I dati qui sintetizzati mostrano chiaramente come la detassazione dei fringe benefits dovrebbe comportare effetti contenuti sul tenore di vita dei lavoratori, essendo limitato sia il numero di beneficiari sia il valore delle forme di compensazione ricevute (e, dunque, della deduzione fiscale di cui si beneficerebbe). Similmente alle agevolazioni fiscali al welfare occupazionale di cui hanno trattato Jessoula e Pavolini sul Menabò, la misura presenta però chiari segnali di regressività, dato che avvantaggia quasi esclusivamente i dipendenti appartenenti alla parte alta della distribuzione dei salari.

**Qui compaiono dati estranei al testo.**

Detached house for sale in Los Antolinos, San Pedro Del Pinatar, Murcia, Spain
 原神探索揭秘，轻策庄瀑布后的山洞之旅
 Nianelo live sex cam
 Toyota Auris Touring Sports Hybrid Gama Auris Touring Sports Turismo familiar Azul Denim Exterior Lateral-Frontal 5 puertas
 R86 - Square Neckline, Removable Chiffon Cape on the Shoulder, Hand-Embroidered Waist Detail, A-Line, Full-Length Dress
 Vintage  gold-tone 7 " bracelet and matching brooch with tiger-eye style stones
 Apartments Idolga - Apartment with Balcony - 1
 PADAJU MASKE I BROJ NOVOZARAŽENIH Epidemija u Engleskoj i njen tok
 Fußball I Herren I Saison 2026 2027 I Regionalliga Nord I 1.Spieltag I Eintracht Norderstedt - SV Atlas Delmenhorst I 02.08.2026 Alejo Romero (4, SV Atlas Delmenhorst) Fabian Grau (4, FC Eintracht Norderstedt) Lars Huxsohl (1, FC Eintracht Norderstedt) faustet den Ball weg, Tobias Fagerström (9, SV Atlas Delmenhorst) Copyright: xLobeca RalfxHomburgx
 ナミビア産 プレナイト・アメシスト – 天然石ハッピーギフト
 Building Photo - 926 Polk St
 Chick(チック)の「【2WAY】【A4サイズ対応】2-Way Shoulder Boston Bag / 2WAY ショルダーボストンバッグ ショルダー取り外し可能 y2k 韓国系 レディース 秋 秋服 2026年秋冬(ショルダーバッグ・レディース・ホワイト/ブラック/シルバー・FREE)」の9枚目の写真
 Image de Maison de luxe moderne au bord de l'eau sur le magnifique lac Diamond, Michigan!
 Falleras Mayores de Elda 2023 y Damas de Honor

I bassi (e diseguali) salari sono un enorme problema dell’economia italiana, come confermato dalla crescita della povertà lavorativa. E molte sono le possibili misure che si possono immaginare per contrastare tale problema. Tuttavia, qualsiasi strategia non emergenziale di incremento dei salari deve partire dall’assunto che essi dipendono prioritariamente dalle scelte di investimento delle imprese, a cui è legata la produttività, e dagli esiti della contrattazione fra sindacati e imprese, anche in relazione alle forme contrattuali da applicare. Al di là degli oneri per la finanza pubblica e degli effetti distributivi delle misure introdotte per coprire il costo delle agevolazioni fiscali, la via fiscale – di cui la detassazione dei fringe benefits rappresenta un limitato ma istruttivo esempio – non appare la strategia più equa ed efficiente per aumentare in modo strutturale i salari e sostenere i redditi dei meno abbienti.